Aerial map of Toronto in 1947 shown by Old Toronto

Sidewalk Labs announced updates and improvements for its Old Toronto web app at its second public roundtable yesterday.

The roundtable was hosted at Daniel Spectrums, a community and cultural hub near Regent Park in Toronto. The roundtable brought eager participants together to discuss what Sidewalk Labs learned in the first roundtable, gather feedback on its Responsible Data Use Framework and give details on its work since March.

Some of that work was on the Old Toronto project, an interactive map project that lets you explore historic photographs of Toronto. The project, headed up by senior software engineer Dan Vanderkam, added two new features to the project.

Screenshot of a historic photo location on Old Toronto

The first is a collection of aerial photos taken by plane throughout the years. Vanderkam and his team stitched together the aerial shots to form an overlay.

Using the app, you can see how Toronto looked from the sky in 1947, in the 80s and in the early 90s.
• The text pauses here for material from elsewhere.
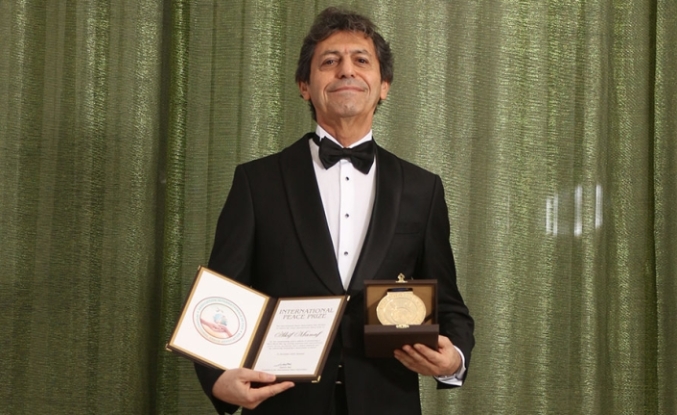 Akif Manaf’a Uluslararası Barış Ödülü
The aerial map is overlaid on a Google Maps satellite view of current-day Toronto.

“The idea was that you take the photos and you find all the streets in them. The pattern of streets in each individual photo is a pretty good key to match it on the street grid today,” said Vanderkam.

However, some streets change and other streets disappear altogether. According to Vanderkam, enough streets remained unchanged to make it work. But missing streets aren’t the worst problem the team dealt with.

“Because the photos were taken from an airplane, the angle that they were taken at at the center of the tile and at the edge is actually a little bit different,” said Vanderkam. “There’s some stretching that happens and we actually figure out what that stretching was and try to correct for it.”

Along with their work on the aerial photos, the team added a feature that allows users to report incorrectly placed photos. The photos were placed using geographical information written in the descriptions, like addresses and street names.

“We think its about three to five percent that are not in the right place,” said Vanderkam. “We’ve gotten a lot of feedback on which ones those are and how we should fix them.”

Screenshot of Skydome construction from Old Toronto collection

On top of all this, the project was open-sourced and uploaded to GitHub.

“I think the most exciting things are the things we haven’t thought of,” said Vanderkam. “That’s why you put the data out there, that’s why you put the code out there.”

The team is excited about where the project is heading next. The team is talking with different groups with historic photos to add to the ones they’ve used from the Toronto Archives. They also want to add aerials from the 50s, 60s and 70s.

Vanderkam is speaking at a Civic Tech Toronto Hacknight on Tuesday May 8th to share some of the work he’s done on the project. He’s hoping to get developers from that group to play around with the data.

“I’m excited to see what people do with it.”